Audio recording & mp3

I’ve got a friend that wishes to record practices for her choir and play the results back through her mp3 player. A quick peek here and there shows this to be surprisingly difficult.

Any suggestions from the Teeming Millions?

What is the hard part? Recording the music or making an MP3 out of it?

What equipment does she currently have?

Yeah, any half way decent recorder will have a line out and any half way decent sound card will have a line in. Lacking those things could get tricky. You could cobble something together if the recorder has a headphones jack by feeding that output into the mic input of the computer, but it would probably sound terrible and you’d certainly need to mess with the mic levels. Very simple if you know what you’re doing but it could easily seem complicated if you don’t.

Get a MP3 player with a record function.

The word on these is that they’re decent dictaphones but not up to duplicating the function of a cassette recorder, which is the intent.

There’s a $400Edirol on on Best Buy’s site but that’s way beyond the budget.

Line-in/Line-out has been thought of - I’m not sure where to find a cassette recorder with a line-out, though.

Searching the “voice recorder” section of Circuit City’s website shows a couple recorders with the ablity to link and copy to a PC but no note on what format the files are.

How about a headphone jack? Seems to me it’d be hard to find a recorder without one.

Minidisc recorders are actually quite good for this. Alternatively, you could record directly to a laptop running Audacity - this might actually be best, because it avoids one step of analogue transfer between the recording device and the machine that will encode as MP3.

You can even get bits of software that will record directly to MP3 on a PC, but I don’t think there’s any benefit in doing that.

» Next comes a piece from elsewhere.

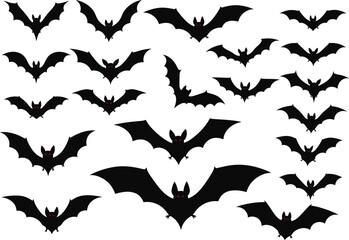 Collection of scary black bat silhouettes with glowing red eyes. Spooky Halloween vector illustration.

You’ll want to get a fairly good microphone.

How big is the choir?

What she can do is hook up a laptop with a microphone and some halfway decent audio software (like Audacity, which is free). It’ll record and save into MP3 format, then she can just upload the files into her player as she would with any other MP3 file.

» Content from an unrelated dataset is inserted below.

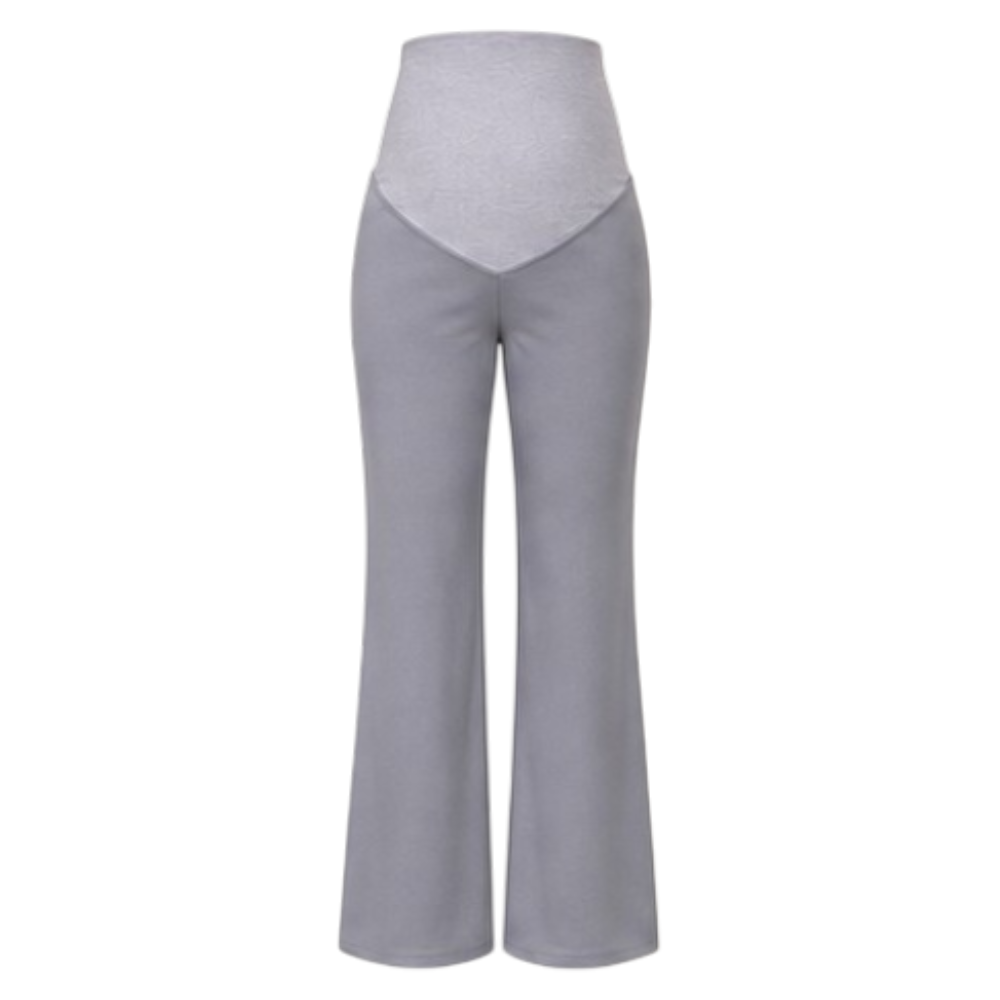 Maternity Flare | Bootleg Pants | Yoga Style High Waist | Grey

Cassette recorders are not the best way to go because they’re noisy. She’d have to do a lot of noise reduction for these files to be useful. They’re also time-consuming because tape is linear – it takes as long to transfer the songs as it does to play them. As others have pointed out, it’s hard to find an affordable tape recorder that can also transfer to computer.

The closest analog might be a portable hard-disk recorder. The one I use (and I’ll be damned if I can remember the model number) has a direct USB plug n’ play connection to the PC, no special software needed, and it goes directly into an MP3 file. She might find one cheaply on eBay or an older model through a specialty electronics retailer that deals in electronic news gathering equipment.

She might also want to contact her local NPR member station and ask to talk to their production engineer. They’re used to recording live music and can probably offer some pointers.

Robin

Also, if she’s not recording using an MP3 player, I see no reason to use such a lossy format. Record to PCM (or wav if you prefer. AIF for Mac) and get superior sound.
One machine we use, which is cheaper than the Edirol is the Samson H4, which has built in stereo mnicrophones, XLR connectors (much better than those crappy phono plugs), USB and it can also work as an external soundcard/HD. Froogle gives you hits for as low as about $240, and the older versions are available for well below $200.
Our retailers over here ship it with a light version of Cubase, which in itself is about a hundred bucks and can be upgraded for another 100 or so to Cubase Studio 4. Shop around. It’s a really good little machine.